Ana’s mother sued the school district, city, vice-principal, and security officer for negligence. The trial court granted summary judgment to defendants on the ground that they lacked a duty to protect Ana under the facts. The court of appeals reversed as to all defendants except the city. It found that a special relationship exists between a school and its students.


The Arizona Supreme Court reinstated summary judgment for the school district. Everyone agreed that the school-student relationship is a special relationship imposing an affirmative duty to protect students from unreasonable risks of harm. It flows from a school’s traditional role as a custodian partly acting in a parental role, and opening its premises to a public population. The parties’ disagreement concerned time-and-place limitations on that duty. The district contended that the duty only covered a student while attending school during school hours or participating in off-campus, school sponsored activities. Ana’s mother argued that a duty exists whenever and wherever a school learns of an unreasonable risk while the school had custody and control over a student.

The Supreme Court recognized that a school district’s liability is not limitless but instead is “‘bounded by geography and time.’” A duty only exists while a school is serving in its roles as custodian, landowner, and quasi-parent. Once a student safely leaves a school’s custody and control, the special relationship ends, as does a school’s affirmative duty. The Court found support for its rule from cases in other jurisdictions. 

The Court ruled that the district did not owe an affirmative duty to protect Ana. Matthew aimed his text messages at Raven, not Ana. The Court rejected the mother’s argument that a duty arose because during school hours Ana reported her plan to meet Matthew. That argument did not consider whether the risk of harm to Ana arose within the scope of the student-school special relationship. The Court found that at worst, Matthew’s texts only threatened harm to Raven, not Ana. Ana told school authorities that Matthew did not pose a threat to her. Because there was no evidence that Matthew posed a threat to Ana before she left school to meet him, the school did not owe a duty to protect Ana.

Learning Point: Dinsmoor provides an easily applied test for determining whether a special relationship exists that would impose a duty to protect students.

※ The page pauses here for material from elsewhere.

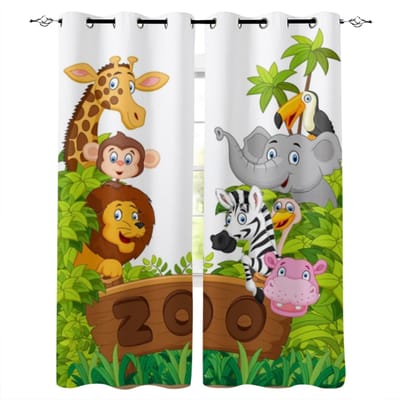 Tropisch Jungle Dier Cartoon Giraffe Raamgordijnen Huisdecoratie Woonkamergordijnen Slaapkamergordijnen Keukendeurgordijnen 135W x 60H(cm)
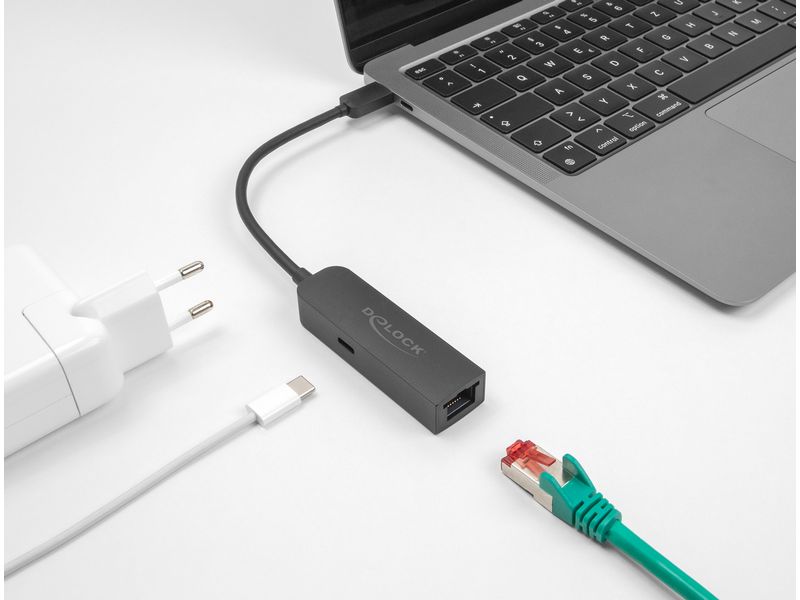Delock Netzwerk-Adapter USB-C – RJ45 2.5Gbps mit PD 100 Wat Delock USB Type-C Adapter zu 2.5 Gigabit LAN mit Power Delivery 100 Watt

But the Supreme Court cautioned that it was not drawing a bright-line. A school district might remain subject to liability even when its supervision and control had ended for the day (e.g., dismissals into crime scenes or severe weather, or early dismissals when crossing guards are absent). Limited exceptions aside, the test should protect a district from liability for tragic events way out of its control to prevent.